- _Work order_
The answer must be an exact copy of the lines from the one with "Beautiful Easter table" through the final line below, with no pictures and nothing else.

[[ Material provided, beginning ]]

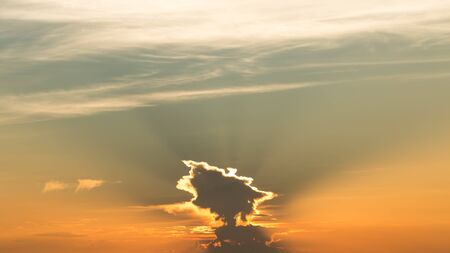The Sun go behind the unique cloud make a unique light at the evening timeの写真素材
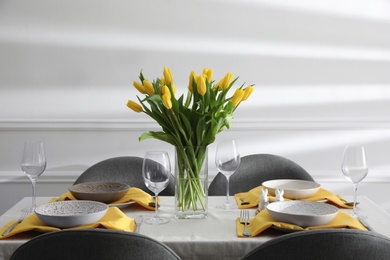 Beautiful Easter table setting with yellow tulips indoors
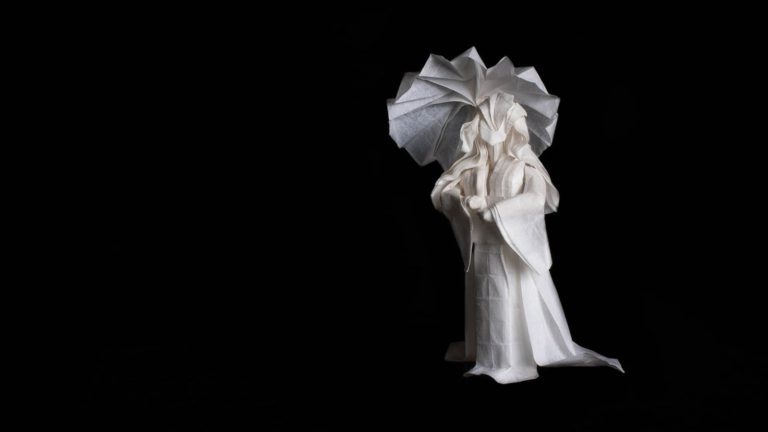 Origami person walking in the rain
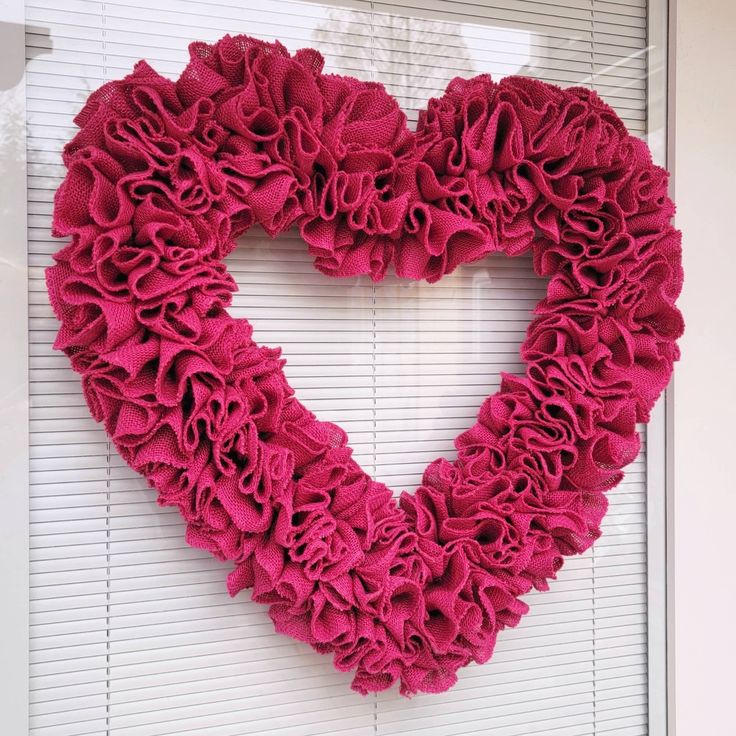 a heart shaped wreath hanging on the side of a door in front of a window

[[ Material provided, end ]]

- _Exercise solution_
 Beautiful Easter table setting with yellow tulips indoors
 Origami person walking in the rain
 a heart shaped wreath hanging on the side of a door in front of a window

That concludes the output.